Sementara, Deputi Gubernur Senior Bank Indonesia Mirza Adityaswara mengungkapkan pada 2019 pengetatan likuiditas dolar AS akan berlanjut karena Fed Fund Rate (FFF) masih akan naik 1,25%.
"Sebagaimana diketahui, siklus pengetatan ekonomi di AS, dimulai dari 2013, adalah di saat AS memberikan aba-aba akan melakukan pengetatan dan pertengahan 2013 pasar keuangan emerging market mengalami volatilitas yang tinggi, bahkan sampai ke 2018," jelasnya.
Selain suku bunga AS, menurutnya Bank Sentral Eropa (ECB) pun akan mulai menaikkan suku bunganya pada semester II/2019. "Kenaikan suku bunga itu pengaruh ke emerging market walaupun kecil dampaknya dari ECB dan Bank of Japan," paparnya.
Dengan demikian, kata Mirza, BI menetapkan kisaran pergerakan rupiah pada 2019 di level Rp14.300 - Rp14.700. Kebijakan yang dilakukan Bank Indonesia pun akan lebih ketat.
Pemerintah Lebih Realistis
Direktur Eksekutif Core Indonesia Mohamad Faisal menilai pemerintah lebih realistis dengan membuka perkiraan terendah pertumbuhan ekonomi di angka 5,15%. Selama beberapa tahun terakhir, ujarnya, pemerintah berusaha terus optimis dan tidak pernah tercapai targetnya.
Seharusnya asumsi kurs dapat dibuat dalam rentang nilai tertentu, sebab kurs terus berfluktuasi dan sulit untuk menakarnya secara tepat.
"Pelemahan rupiah dan sisi derasnya impor transaksi berjalan, ini secara logika sampai tahun depan masih ada tekanan, efektivitas upayanya masih rendah [menahan tekanan] dan akan memengaruhi pertumbuhan ekonomi tahun depan. Upaya-upaya menahan impor itu pun ada efek samping, kalau tidak dikelola hati-hati inflasi bisa naik," paparnya kepada Bisnis.
Dengan demikian, lanjutnya, upaya-upaya jangka panjang mesti jadi fokus pemerintah terutama dalam meningkatkan daya saing industri dalam negeri.
Saat industri dalam negerinya berdaya saing, otomatis impor akan berkurang dan ekspor meningkat. Defisit transaksi berjalan dan perdagangan pun dapat teratasi.

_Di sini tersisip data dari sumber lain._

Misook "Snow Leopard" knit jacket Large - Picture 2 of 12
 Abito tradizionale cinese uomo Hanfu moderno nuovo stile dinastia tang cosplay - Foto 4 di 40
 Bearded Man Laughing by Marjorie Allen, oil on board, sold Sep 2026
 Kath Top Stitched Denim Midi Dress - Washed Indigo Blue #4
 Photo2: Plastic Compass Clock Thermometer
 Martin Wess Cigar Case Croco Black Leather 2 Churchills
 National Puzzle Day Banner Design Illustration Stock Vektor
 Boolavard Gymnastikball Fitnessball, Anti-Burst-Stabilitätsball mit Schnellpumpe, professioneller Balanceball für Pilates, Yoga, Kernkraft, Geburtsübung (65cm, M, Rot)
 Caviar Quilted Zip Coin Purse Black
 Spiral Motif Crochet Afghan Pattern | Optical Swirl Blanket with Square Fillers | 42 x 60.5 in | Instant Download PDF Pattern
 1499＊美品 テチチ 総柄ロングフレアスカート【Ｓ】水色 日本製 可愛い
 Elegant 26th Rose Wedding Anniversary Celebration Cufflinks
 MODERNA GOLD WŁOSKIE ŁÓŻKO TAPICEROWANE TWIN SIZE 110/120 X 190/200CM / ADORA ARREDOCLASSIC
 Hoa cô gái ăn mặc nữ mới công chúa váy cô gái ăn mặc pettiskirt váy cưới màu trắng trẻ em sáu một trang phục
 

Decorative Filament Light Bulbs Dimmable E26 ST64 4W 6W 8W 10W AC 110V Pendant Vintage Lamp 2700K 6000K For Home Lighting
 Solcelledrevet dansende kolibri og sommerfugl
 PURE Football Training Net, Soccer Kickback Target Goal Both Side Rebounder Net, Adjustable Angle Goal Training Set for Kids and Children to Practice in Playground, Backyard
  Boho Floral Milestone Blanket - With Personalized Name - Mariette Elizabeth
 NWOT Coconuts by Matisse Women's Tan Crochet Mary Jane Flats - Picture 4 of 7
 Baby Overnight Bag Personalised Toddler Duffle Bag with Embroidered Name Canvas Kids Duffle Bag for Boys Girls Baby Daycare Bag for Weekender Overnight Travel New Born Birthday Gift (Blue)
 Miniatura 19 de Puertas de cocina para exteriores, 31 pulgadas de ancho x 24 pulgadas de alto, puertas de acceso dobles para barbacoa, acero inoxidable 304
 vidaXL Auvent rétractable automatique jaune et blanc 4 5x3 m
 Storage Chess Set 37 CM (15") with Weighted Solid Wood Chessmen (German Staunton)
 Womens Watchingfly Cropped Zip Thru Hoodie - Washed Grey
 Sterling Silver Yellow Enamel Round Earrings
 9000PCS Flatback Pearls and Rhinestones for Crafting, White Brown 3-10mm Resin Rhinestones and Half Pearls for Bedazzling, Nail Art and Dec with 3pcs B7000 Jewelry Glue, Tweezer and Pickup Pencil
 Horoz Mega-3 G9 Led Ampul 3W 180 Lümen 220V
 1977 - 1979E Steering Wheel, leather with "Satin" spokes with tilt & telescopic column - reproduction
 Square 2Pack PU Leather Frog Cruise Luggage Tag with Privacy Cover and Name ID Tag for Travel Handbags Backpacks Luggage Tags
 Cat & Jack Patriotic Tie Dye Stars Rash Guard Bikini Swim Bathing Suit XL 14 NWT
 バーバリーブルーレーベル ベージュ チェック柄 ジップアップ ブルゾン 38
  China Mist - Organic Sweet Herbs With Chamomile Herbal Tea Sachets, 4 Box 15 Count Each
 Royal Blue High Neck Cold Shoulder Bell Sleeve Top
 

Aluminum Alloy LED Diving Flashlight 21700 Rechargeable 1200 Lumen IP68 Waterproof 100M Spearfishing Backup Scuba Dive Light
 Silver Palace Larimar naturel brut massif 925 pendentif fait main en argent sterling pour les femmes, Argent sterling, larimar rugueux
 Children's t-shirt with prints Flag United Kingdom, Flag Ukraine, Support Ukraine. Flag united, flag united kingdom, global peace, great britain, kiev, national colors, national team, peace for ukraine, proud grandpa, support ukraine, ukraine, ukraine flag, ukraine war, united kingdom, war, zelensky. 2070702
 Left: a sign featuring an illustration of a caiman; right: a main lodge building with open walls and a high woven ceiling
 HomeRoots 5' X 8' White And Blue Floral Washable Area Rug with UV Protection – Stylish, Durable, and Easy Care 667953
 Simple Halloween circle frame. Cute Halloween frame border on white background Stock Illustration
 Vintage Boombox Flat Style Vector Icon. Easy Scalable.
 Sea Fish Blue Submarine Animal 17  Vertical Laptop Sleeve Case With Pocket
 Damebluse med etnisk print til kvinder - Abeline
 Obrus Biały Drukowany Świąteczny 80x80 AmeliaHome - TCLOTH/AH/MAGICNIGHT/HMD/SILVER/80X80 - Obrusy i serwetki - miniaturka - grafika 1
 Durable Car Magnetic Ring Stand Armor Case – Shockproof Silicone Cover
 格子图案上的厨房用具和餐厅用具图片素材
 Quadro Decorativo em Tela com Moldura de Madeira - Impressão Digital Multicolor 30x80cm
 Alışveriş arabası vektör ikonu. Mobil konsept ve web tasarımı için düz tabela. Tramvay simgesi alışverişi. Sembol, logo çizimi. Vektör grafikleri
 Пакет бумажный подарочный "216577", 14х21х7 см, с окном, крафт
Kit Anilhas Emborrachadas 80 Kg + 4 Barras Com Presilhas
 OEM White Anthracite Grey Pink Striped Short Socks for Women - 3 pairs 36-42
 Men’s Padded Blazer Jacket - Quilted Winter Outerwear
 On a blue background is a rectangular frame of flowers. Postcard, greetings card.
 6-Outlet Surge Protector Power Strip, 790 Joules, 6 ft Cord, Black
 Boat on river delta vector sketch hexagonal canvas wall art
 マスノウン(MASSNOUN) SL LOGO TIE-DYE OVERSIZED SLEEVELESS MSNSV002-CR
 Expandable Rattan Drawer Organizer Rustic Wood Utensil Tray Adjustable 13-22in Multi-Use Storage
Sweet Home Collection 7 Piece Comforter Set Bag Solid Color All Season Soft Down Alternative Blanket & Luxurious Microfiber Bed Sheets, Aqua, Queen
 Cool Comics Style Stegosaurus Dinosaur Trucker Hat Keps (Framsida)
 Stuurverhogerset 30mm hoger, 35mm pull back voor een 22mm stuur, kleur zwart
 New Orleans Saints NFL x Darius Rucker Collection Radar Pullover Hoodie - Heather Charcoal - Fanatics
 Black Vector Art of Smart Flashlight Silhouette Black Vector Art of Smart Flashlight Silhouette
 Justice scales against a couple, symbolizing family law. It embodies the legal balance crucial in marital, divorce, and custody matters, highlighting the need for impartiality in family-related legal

Sementara untuk asumsi kurs rupiah, dia menyayangkan seharusnya asumsi kurs dapat dibuat dalam rentang nilai tertentu, sebab kurs terus berfluktuasi dan sulit untuk menakarnya secara tepat.
“Memang ada risiko kalau rupiah melemah sampai pada titik kepanikan ini yang membuat jadi tak terkendali selama itu tidak terjadi, rupiah dapat bergerak di level Rp14.400 – Rp14.900 pada tahun depan," ungkap Faisal.